ETL was an early attempt to deal with such issues, but the transformation step can be problematic because the business rules to determine valid transformations are not well established.
There should be clear rules governing how certain data should be aggregated. Examples include documenting sales transactions or mapping database fields where different words are used to describe the same field. For example, one database uses the word “female,” while another uses just the letter “f.” Data integration tools and technologies have been developed to help you with such problems.
The future of data integration, ETL and ELT
In the past, data integration was mainly done using ETL tools. But in recent years, the rise of big data has led to a shift to ELT – extract, load, and transform tools. ELT is a shorter, more analyst-centric workflow that can be implemented using scalable multicloud data integration solutions.

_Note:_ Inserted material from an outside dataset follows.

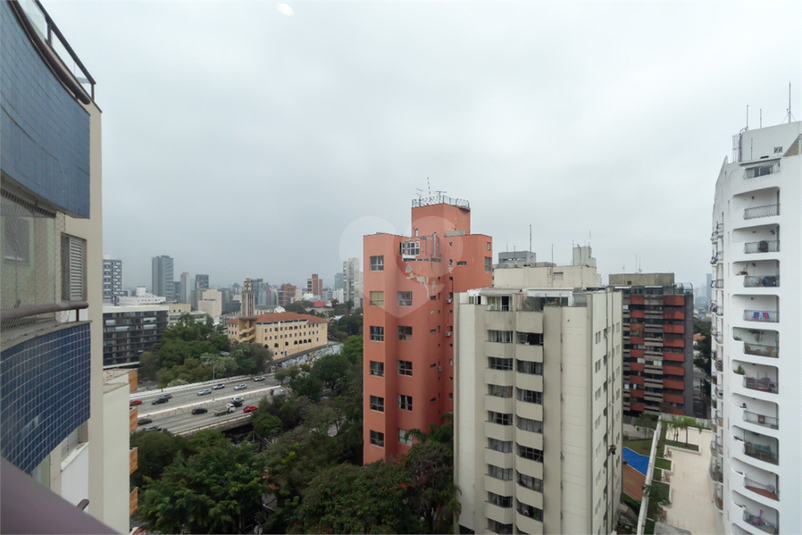 Foto REO1114098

These solutions have clear advantages over ETL tools. Third-party providers can produce common unpacking and loading solutions for all users; data engineers are relieved of time-consuming, complicated and problematic projects; and when you combine ETL with other cloud-based business applications, there is broader access to common analytics sets across the organization.
In the age of big data, data integration needs to be scalable and multicloud compatible. Managed services are also becoming the standard for data integration, as they provide the flexibility and scalability organizations need to keep up with the changing use cases of big data. Regardless of how you approach your data integration strategy, make sure you have capable ETL/data warehouse developers and other data professionals on staff who can use data integration and ETL tools effectively.